Paula ankert in einem Nichts zwischen Birkholm und Strynø. Die nächste Insel, nicht mehr als eine grasbewachsene, mückenumschwärmte Sandbank namens Vogtholm, ist vielleicht zweihundert Meter entfernt. Auf Taasinge drehen die Windmühlen in Zeitlupe. Daunen sich mausernder Schwäne treiben vorbei. Die tiefstehende Sonne taucht die Szenerie in sattes Gelb. Ich höre Musik und komme zur Ruhe. Als die Sonne hinter Hjortø untergeht, erhebt sich über Strynø der Vollmond.

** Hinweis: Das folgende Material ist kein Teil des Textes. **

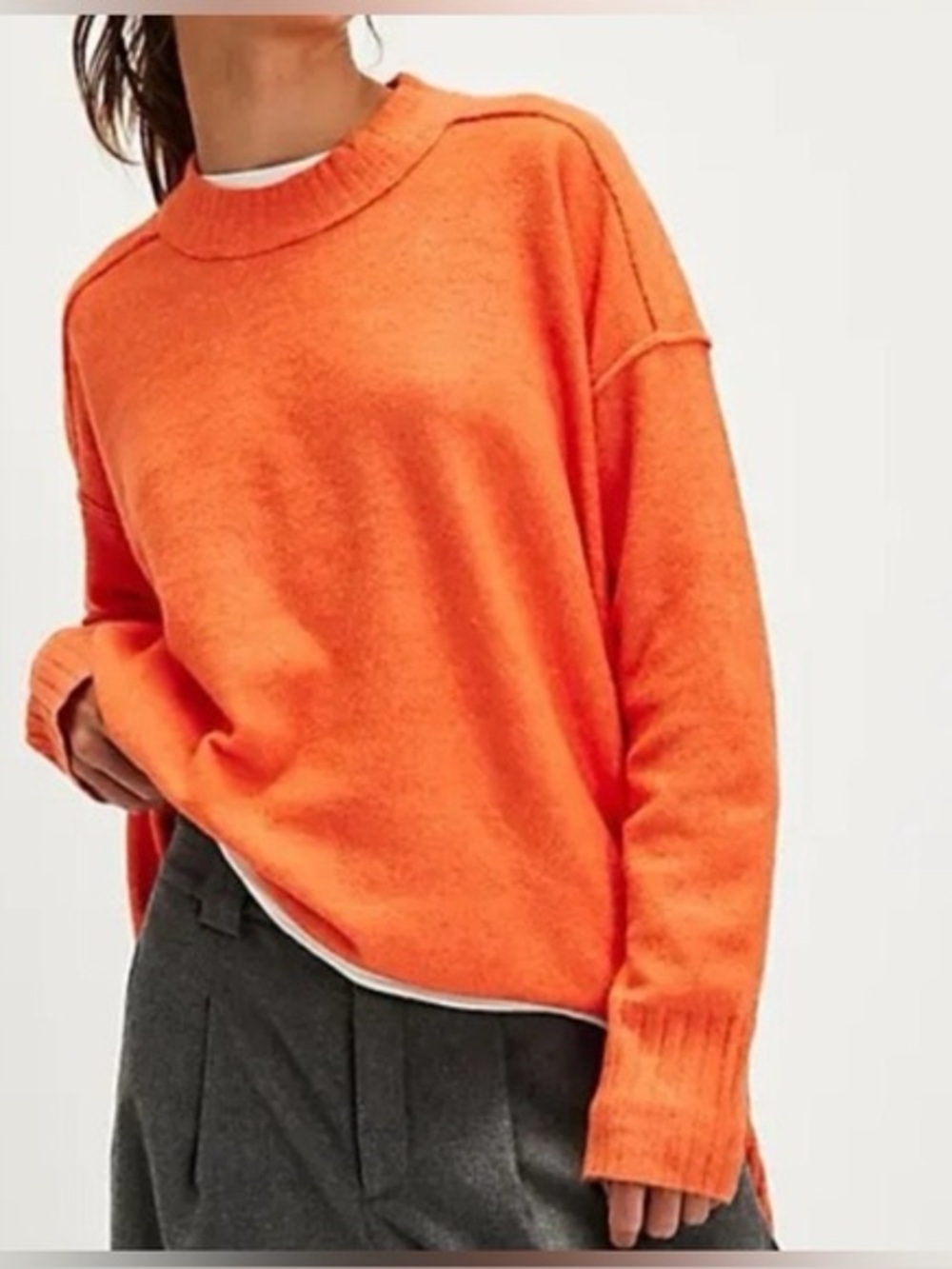 NWT Free People Phoebe Pullover Sweater Orange Oversized Slouchy Knit L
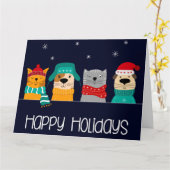 ペットビジネス クリスマスホリデー カード (黄色い花)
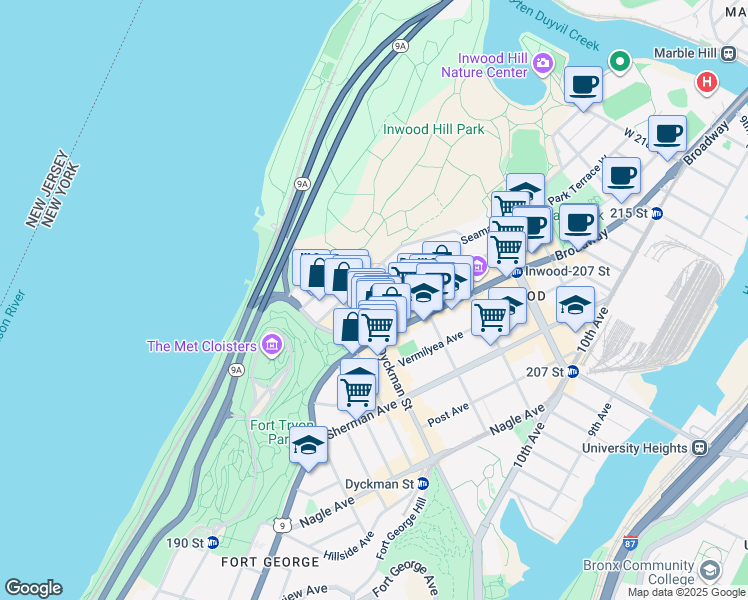 map of restaurants, bars, coffee shops, grocery stores, and more near 22 Seaman Avenue in New York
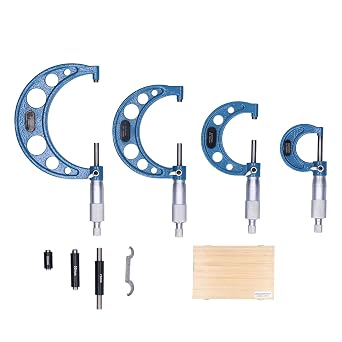 4Pcs Outside Micrometer Set, High Accuracy Metal Measuring Tool, 0.01MM, with Wooden Storage Box, Includes 4 Sizes 25/50/75/100MM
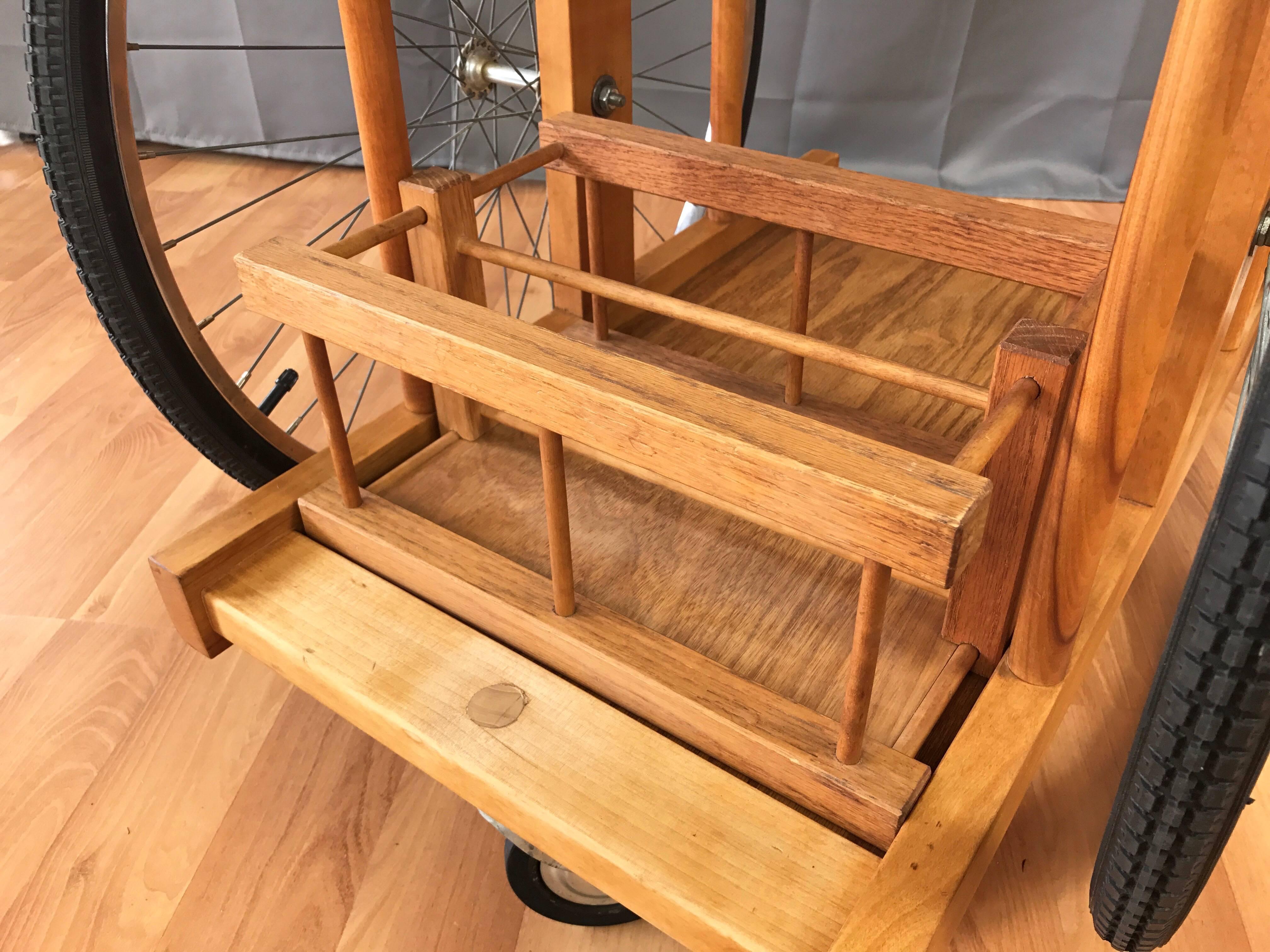 B. W. Sanders “Chopping Block on Wheels” Serving Cart with Rare Caddy In Good Condition In San Francisco, CA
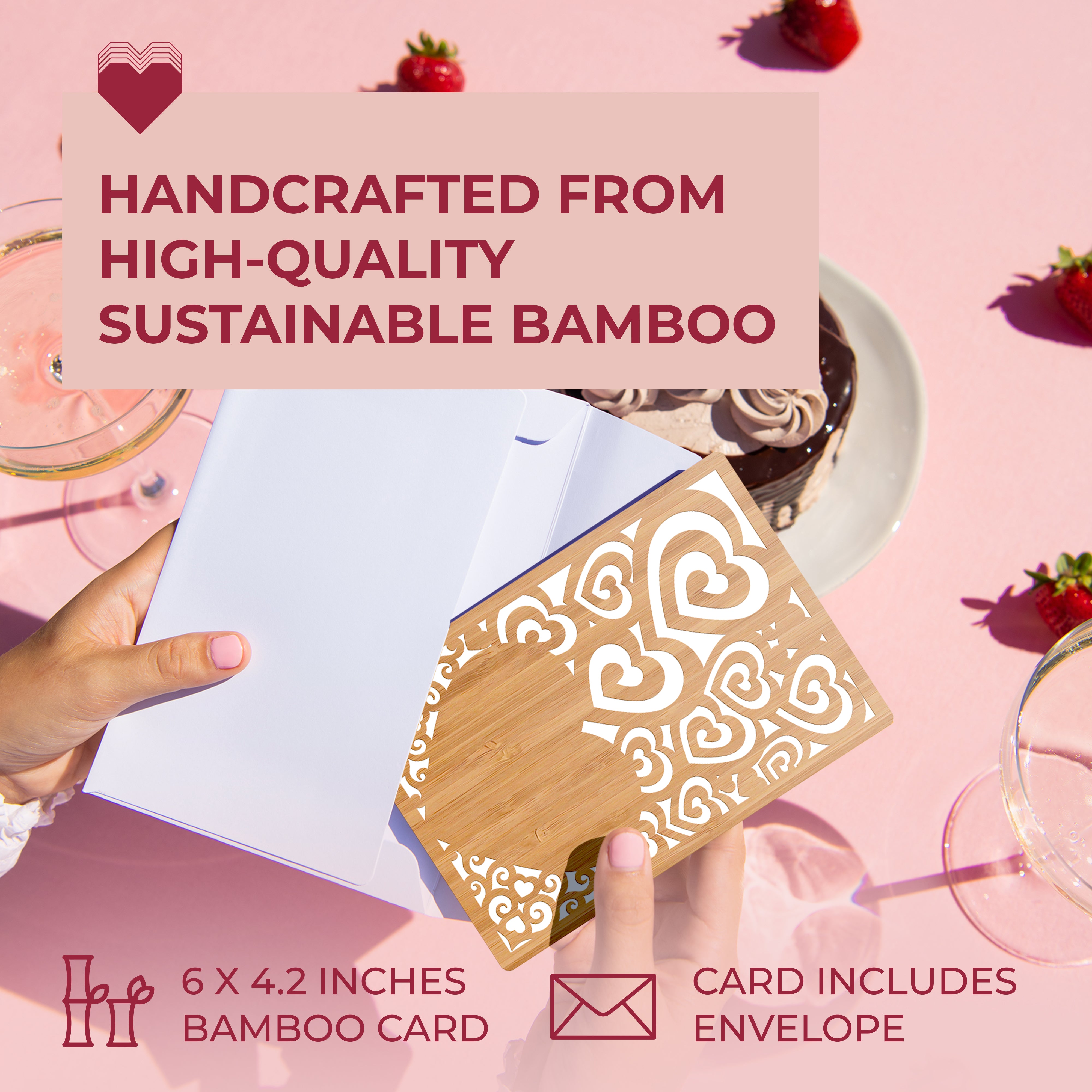 Handcrafted Bamboo Mother's Day Cards - Heart Swirls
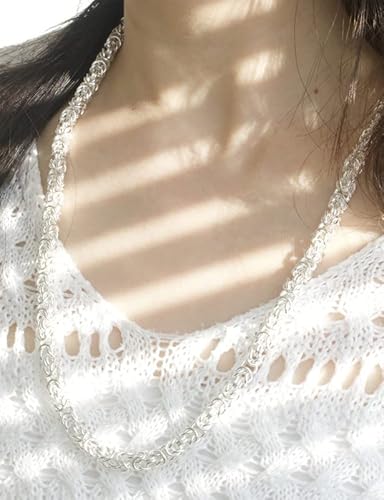 Waitsoul 925 Sterling Silver Byzantine Chain Lobster Clasp 6Mm Silver Chain Necklace For Men 18 Inch #TOP1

In dieser entlegenen Einsamkeit kann ich mich am besten dem Thema widmen: Segeln mit vielen Menschen und mehreren kleinen Booten.

August 2022

Als wir auf dem Weg nach Schweden auf Anholt Station machten, sprach mich ein fröhlicher Rheinländer an: „Folkeboot?“ Ich nickte, er zeigte sich beeindruckt von unserem Anlegen ohne Motor, obwohl er die Platzsuchaktion gar nicht mitbekommen hatte. Dann gab er zu: „Als wir dich da ganz allein anlegen sahen, dachten wir, das macht doch keinen Sinn. Aber als dann die anderen Boote kamen - da sagten wir: Ja! Das macht Sinn!“

Auf unseren Flottillentörns zelebriere ich das ja schon lange, dieses Segeln mit kleiner Crew auf kleinem Boot innerhalb einer Gruppe Gleichgesinnter - um Längen besser, als die gleichen Leute auf eine große Yacht zu sperren, wo einer Ruder geht und ein zweiter sich um die Navigation kümmert, während der Rest sich langweilt und auf die Nerven geht. Wir finden in großen, vollen Häfen immer noch einen Platz, können aber auch die kleinsten und engsten, gemütlichsten und flachgründigsten anlaufen. Und so weiter. Und immer ist die Gruppe, die Gesellschaft, die Geselligkeit in Reichweite, ohne sich aufzudrängen oder zum Zwang zu werden.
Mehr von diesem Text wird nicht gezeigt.